**PROBLEM TO WORK ON**
Although the records contain pictures, none belong in the copy: restate word for word only the lines from the one with "That's it, friends." through the one with "Stage two is", both included.

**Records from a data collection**
━━━━━━━━━━━━━━━━

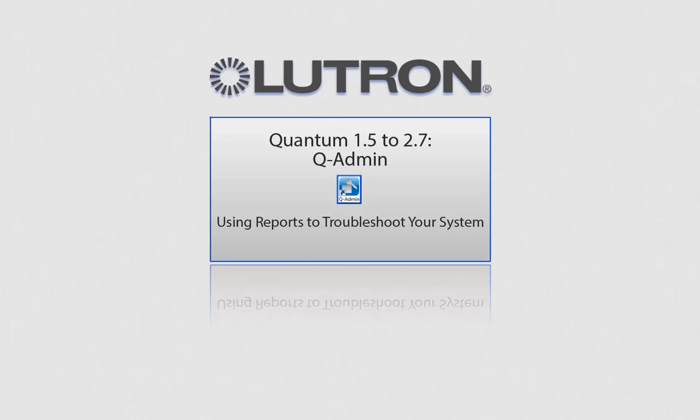This video will go over using reports to troubleshoot your system using the QAdmin software. Please note, this is for Quantum versions 1.5 to 2.7.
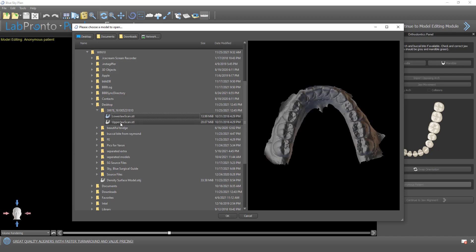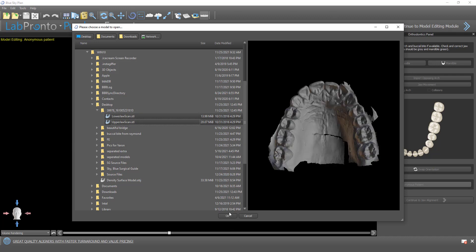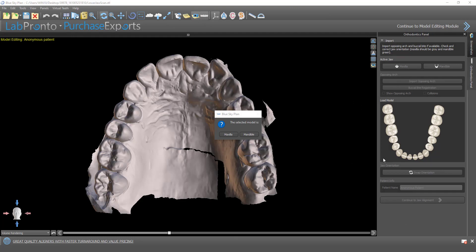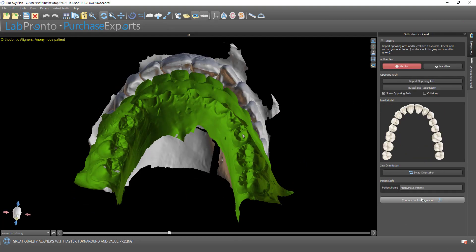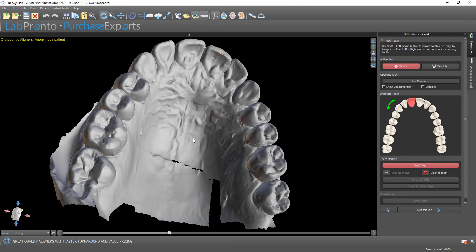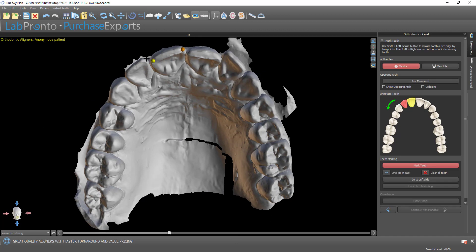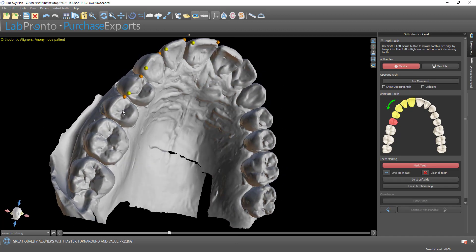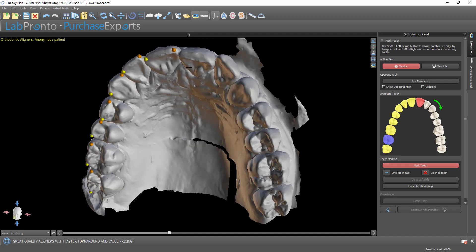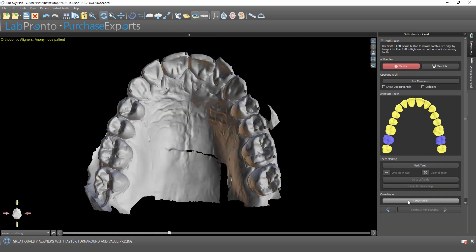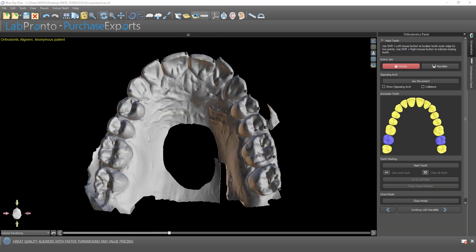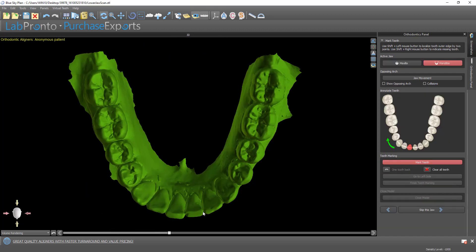I'm going to select the relevant models and mark the teeth very quickly. Right click to indicate the missing tooth, either side shift and left mouse button to click, mark the teeth and continue with mandible mark teeth.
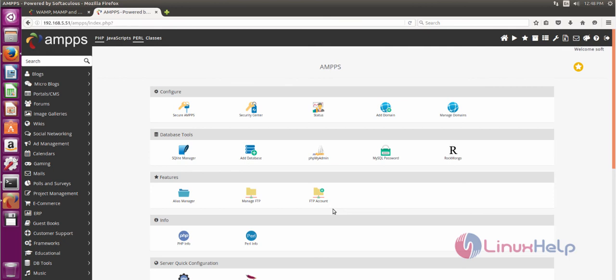That's it, friends. I hope this video can help you understand how to install AMPS web server on Ubuntu 16.04. Thank you for watching.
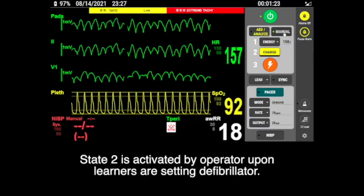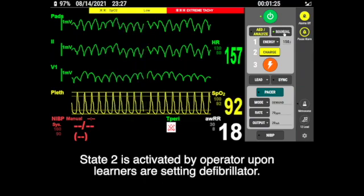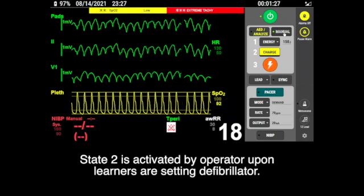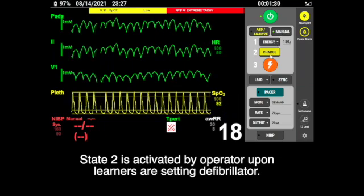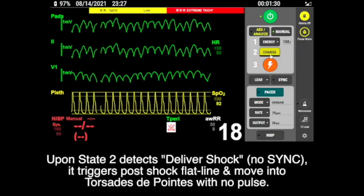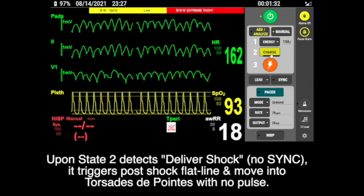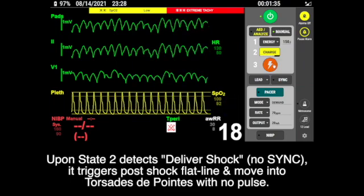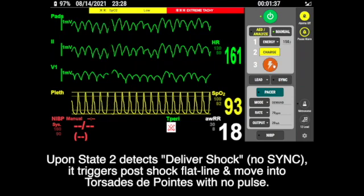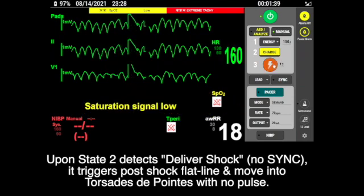Stage two is activated by the operator once learners are setting the defibrillator. Upon stage two detecting deliver shock, it triggers a whole shock flat line and moves into Torsade de Pointes with no pulse.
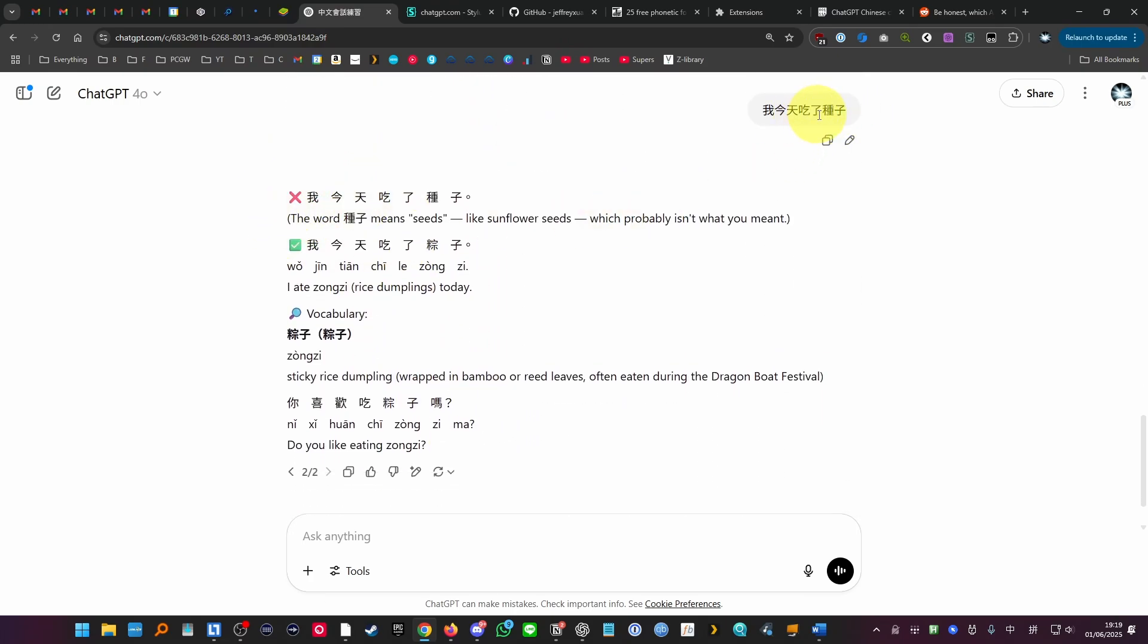So I've made an error here with the words that I've written and it's basically corrected it for me and I can basically follow up these questions here.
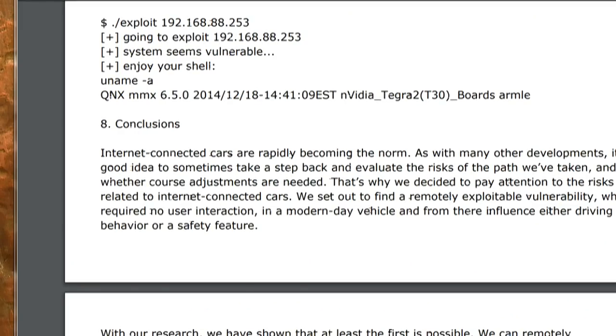You have to be near the car and it must connect with the Wi-Fi network of the attacker. But they did have initial success — they obtained a shell via a dot-slash exploit against IP 192.168.88.253.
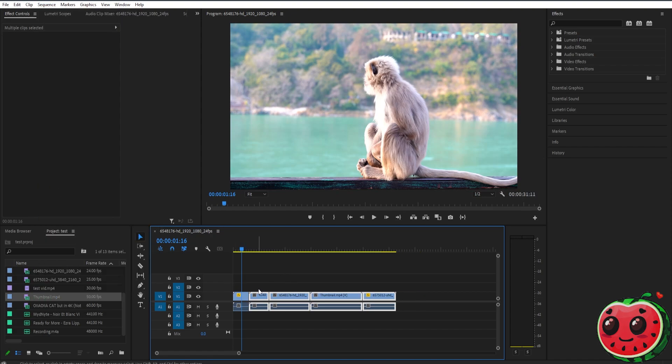And as you can see, all of the gaps of the clips have been closed. That's basically it. Thank you guys for watching, and I'll see you guys later.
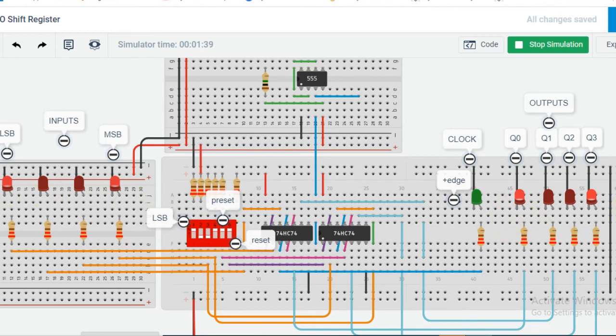This is how the shift register works, and we have seen the demonstration using TinkerCAD. If you want to tinker these circuits, you can click the link given in the description below.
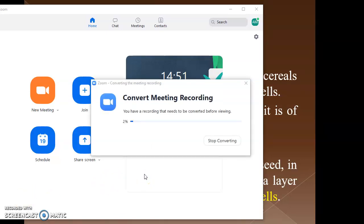Now the recorded video is getting converted. It will take some time for conversion. After this video is converted, it will be stored in our PC, in My Documents. There will be a Zoom folder and this video will be saved there automatically. After it gets converted, we can go to My Documents, open the Zoom folder and see if our recording has been done.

━━━━━━━━━━━━━━━━

**THE COMPLETED TASK**
That's it, friends. I hope this video can help you understand how to install AMPS web server on Ubuntu 16.04. Thank you for watching.
Stage two is activated by the operator once learners are setting the defibrillator. Upon stage two detecting deliver shock, it triggers a whole shock flat line and moves into Torsade de Pointes with no pulse.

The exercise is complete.